This thread is dedicated to the one and only Wilhelm Richard Wagner (1813-1883), my favorite composer, who incited my lifelong passion for classical music.


My first Wagner recording was a collection of overtures in a Laserlight Masters of Classical Music set, my first classical CDs ever. At turns, it represented the utmost joy, despair, and passion, love at first sight for me. At 13, I came across Der Ring des Nibelungen (the Ring cycle) broadcast on TV and was spellbound. It was overwhelming that someone could create such a thing, as if it had dropped down from another planet fully formed.

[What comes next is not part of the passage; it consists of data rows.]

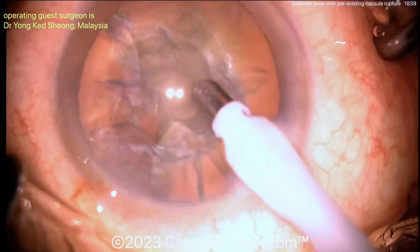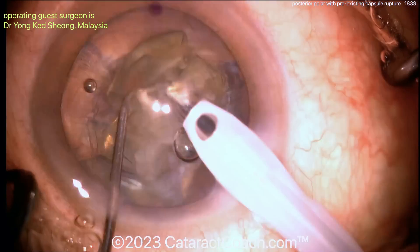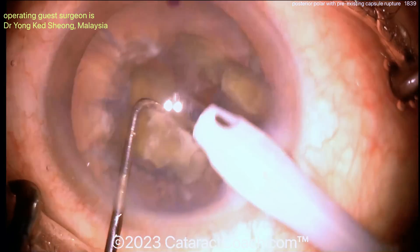Good use of viscoelastic — very smart. Now getting the other half of the nucleus up. Bring it up, and you can just emulsify it. No need to even sub-chop it. Bringing it up — if you'd like to chop it, fine — but bring it up to that iris plane and emulsify it.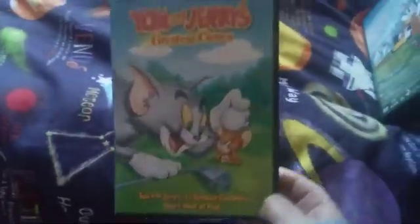Let's get started. First one is Greatest Chases. This is a DVD — it's got Side A and then on the back Side B.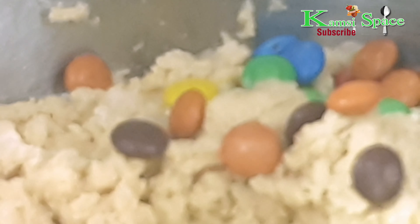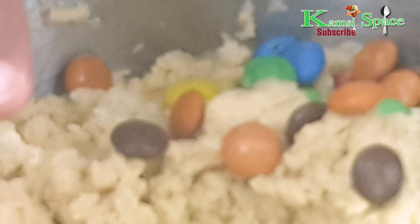Now add the dry ingredients little by little. Don't overmix — this is the dough consistency I'm looking for. Now add the M&Ms inside. At this point I'm using my hand to mix it.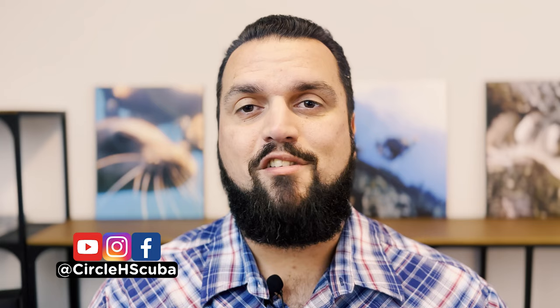I'm Thomas Hughes, a professional scuba instructor, and on this channel you'll see videos on scuba education, equipment, experiences, and environmental awareness.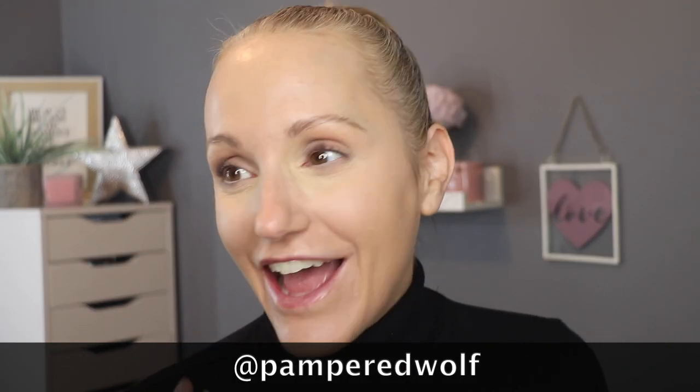But before we do, please make sure you have liked, subscribed, and hit that notification bell so you don't miss any future uploads. I upload on Mondays, Wednesdays and Fridays at 8pm London time. And I'm also on Instagram — it's at Pampered Wolf, all lowercase, no spaces.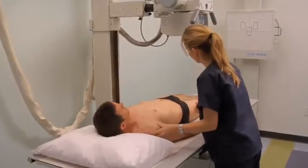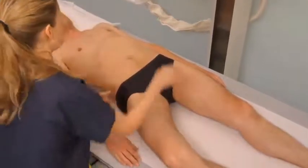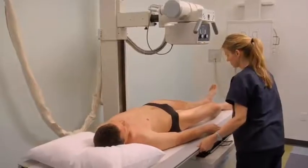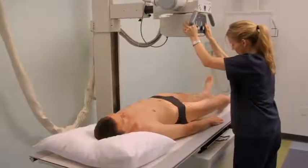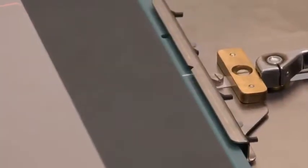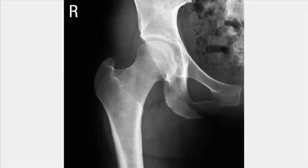To obtain a unilateral frog leg hip projection, flex the leg of the affected side and gently abduct the femur to 45 degrees from vertical. Align the hip joint to the center of the image receptor; the thigh and knee can be supported with a sponge. Position the central ray to the neck of the femur and line up the image receptor with the central ray. Collimate, expose, and process the cassette as for the earlier projections. Analyze the images obtained.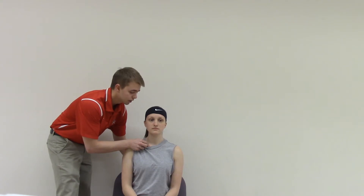You're going to stabilize the scapula with one hand. With the other hand, trace the clavicle down to the sternum. Once you get there, move the clavicle anteriorly and posteriorly, and then superiorly and inferiorly.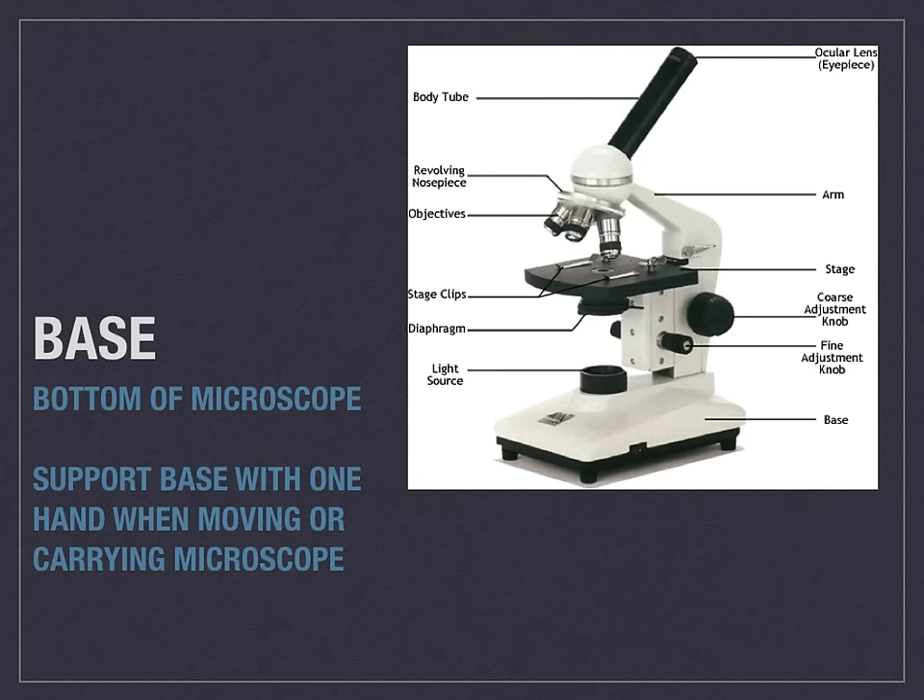The base is something that I've mentioned before when I was referring to the arm. It is located at the very bottom. It is what you would also support with one hand when you are moving or carrying the microscope. Usually the base will contain the light source.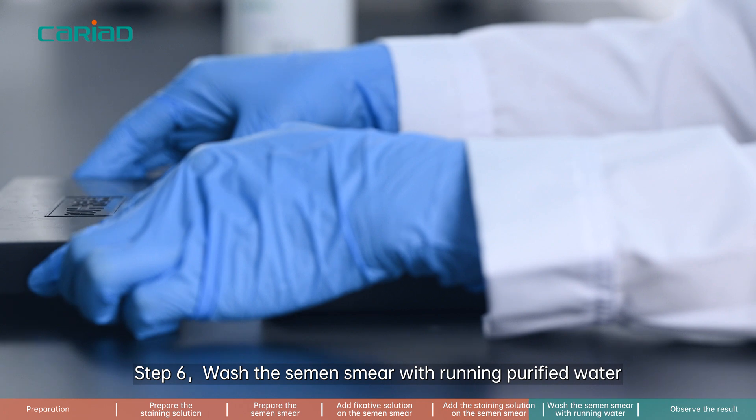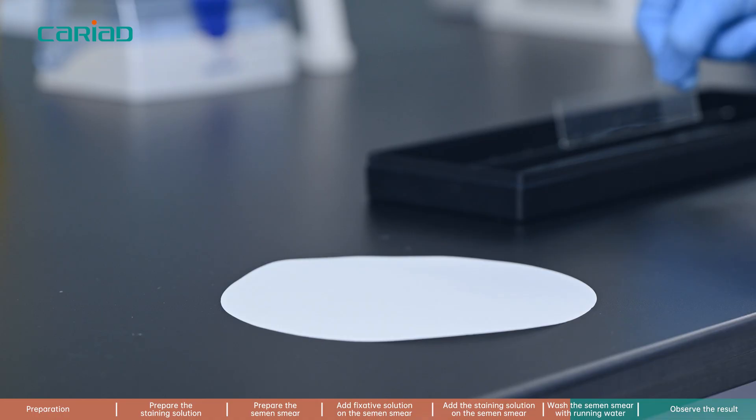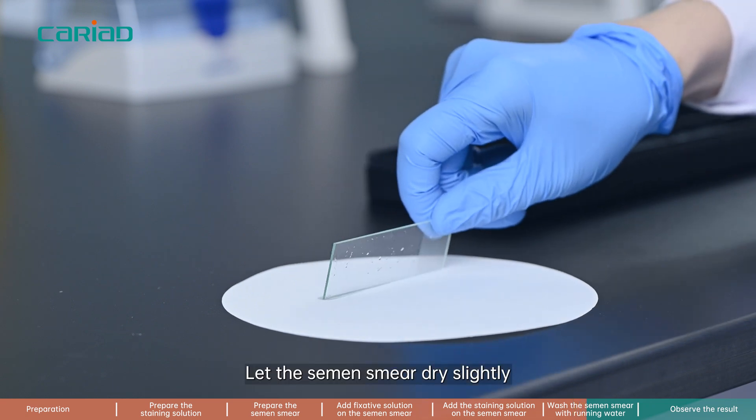Step 6. Wash the semen smear with running purified water. Let the semen smear dry slightly.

Soon I was checking out librettos and biographies from the library, and dreamed of visiting the real Valhalla of Bayreuth (pronounced "Bai-royt") - I had become a full-fledged Wagnerite. Each successive work I heard cemented my affection. His sheer ambition was awe-inspiring, shown in the grand scale of his works and the concepts of Gesamtkunstwerk and the Bayreuth Festspielhaus. He's certainly a polarizing figure biographically, but I find his scandalous life and writings very interesting. Shocking at times, though personally I separate the man from the music. The effect he left on those who came after him is indelible.

Though I have gravitated toward modern music in recent years, I come back to his music again and again, and it never fails to transport me. Not necessarily the greatest composer, but to me, the one whose work most sings to my soul.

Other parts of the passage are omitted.